What is the bias-variance tradeoff in machine learning?
The bias-variance tradeoff is the phenomenon where a model fits training data very well but performs poorly on testing data, also known as overfitting. A high-bias model is too simple and misses patterns; a high-variance model is too complex and memorizes noise. The goal is to find the sweet spot where testing data error is minimized, even if training data fit isn't perfect.
How do I split data into training and testing sets?
Designate a portion of your raw dataset as training data to build your models, and hold out a separate portion as testing data to evaluate them. The testing data must never be used during model fitting. Use a principled sampling method — such as random stratified splitting — rather than arbitrary selection, so your evaluation reflects real-world performance fairly.
How do I compare two machine learning models fairly?
Fit both models to the same training data, then generate predictions on the same held-out testing data. For each model, calculate the sum of distances — the total error between actual and predicted values for every testing data point. The model with the smaller total error wins, regardless of complexity. Never compare models based solely on how well they fit training data.
How does the StatQuest approach compare to just picking the most popular algorithm?
The StatQuest approach lets testing data performance decide the winner, while picking the most popular algorithm relies on reputation or trends. A simple linear model can outperform a neural network on a given dataset. The StatQuest methodology forces you to measure actual error on unseen data, preventing the common mistake of choosing a method because it has a fancy name rather than proven results.

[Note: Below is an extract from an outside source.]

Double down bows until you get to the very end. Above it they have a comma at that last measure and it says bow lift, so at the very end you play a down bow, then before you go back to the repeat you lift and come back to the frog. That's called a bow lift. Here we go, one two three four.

When should I use the StatQuest Machine Learning Foundations Skill?
Use it whenever you need to build, compare, or explain a machine learning approach for any prediction or classification task. It is especially useful when deciding between models of different complexity, validating that a model will work in the real world, or explaining your model choice to non-technical stakeholders in plain language.

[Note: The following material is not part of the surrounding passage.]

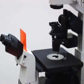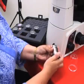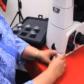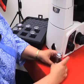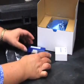Proper storage of microscope components is critical for their longevity. If the objectives are not on the microscope, store them in screw top containers. Keep condensers, slides, cover slips, and other accessories in plastic bags or covered boxes.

What results can I expect after applying the StatQuest methodology?
You can expect a clearly justified model selection backed by testing data performance, not guesswork. You will have quantified error metrics for each candidate model, a transparent rationale for why the winning model was chosen, and a plain-language explanation of how the model works. This reduces the risk of deploying an overfit model that fails on real-world data.
What is the sum of distances in machine learning model evaluation?
The sum of distances is the total error of a model on testing data, calculated by summing the absolute differences between each actual value and each predicted value across all testing data points. For classification problems, it's the count of misclassifications. It serves as the primary metric for comparing candidate models — the lower the sum, the better the model.
What's the difference between prediction and classification in machine learning?
Prediction estimates a continuous numerical value for new data, such as how fast someone will run or how much a plant will grow. Classification assigns new data to a discrete category, such as whether a customer will churn or not. Every machine learning problem falls into one of these two types, and correctly identifying which one you're solving determines your methods and error metrics.
Why do simple models sometimes beat complex models in machine learning?
Simple models often beat complex models because complex models are more prone to overfitting — they memorize noise in the training data rather than learning the true underlying pattern. When evaluated on testing data, the overfit complex model performs worse. The StatQuest methodology explicitly guards against this by always judging models on testing data performance, not training data fit.